Implications for Economic Policy and Interest Rates
This slightly weaker-than-expected growth figure confirms our view that the New Zealand economy is losing momentum. The 0.8% quarterly growth, while still positive, falls short of expectations and reinforces the idea that the Reserve Bank of New Zealand (RBNZ) has little reason to remain aggressive. We believe this makes future interest rate hikes highly unlikely for the remainder of 2026.
This data point follows the recent Q1 inflation report, which showed the annual CPI rate easing to 3.8%, continuing its downward trend from the peak. Furthermore, employment figures released last month indicated a slight rise in the unemployment rate to 4.2%. These combined statistics suggest the RBNZ’s previous rate hikes are successfully cooling the economy.

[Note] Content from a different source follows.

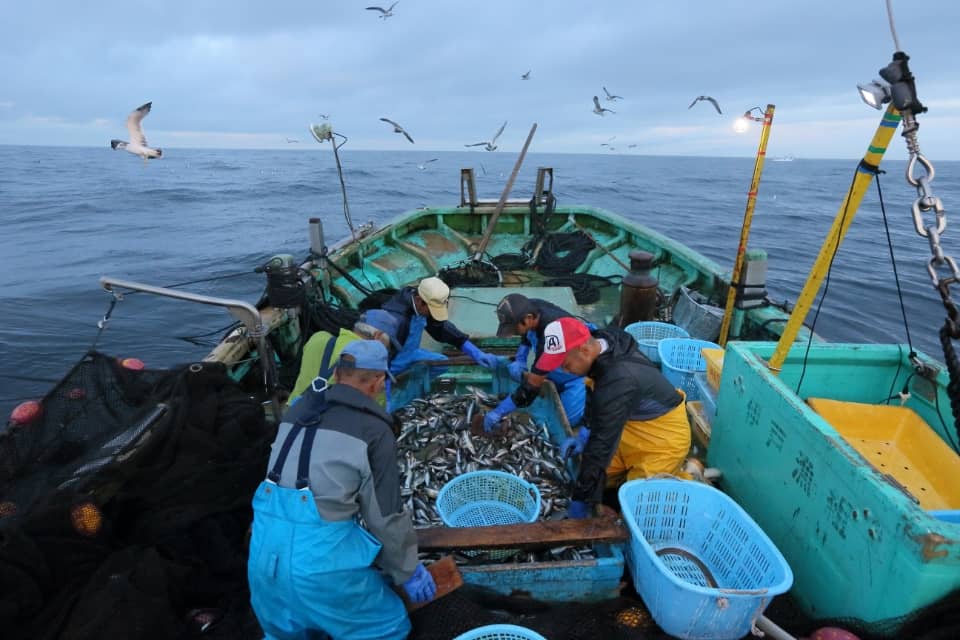 海鳥が舞う中、船の上で引き上げた魚を選別する漁師たち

Market Reactions and Trading Strategies
Consequently, we anticipate further downward pressure on the New Zealand dollar. The NZD/USD pair has struggled to maintain levels above 0.6150, and this GDP report could be the catalyst to test lower supports. We are positioning for a potential move toward the 0.5900 area in the next several weeks.
For traders, this reinforces the case for using derivatives to express a bearish view on New Zealand rates. We are observing increased activity in receiving fixed on 2-year interest rate swaps, as the market prices in a more dovish RBNZ. Short-term interest rate futures are now implying a greater than 50% chance of a rate cut by the first quarter of 2027.
We are also advising the use of FX options to manage risk and speculate on currency moves. Buying NZD/USD put options with a three-month expiry provides a cost-effective way to position for a weaker kiwi. Implied volatility remains moderate, making option premiums relatively cheap compared to the potential for a significant currency adjustment.
Historically, when New Zealand’s growth figures disappoint while major trading partners like the United States remain relatively robust, the NZD tends to underperform for an extended period. We saw a similar pattern in the 2018-2019 period, which preceded an RBNZ easing cycle. This historical precedent supports our current outlook for the currency.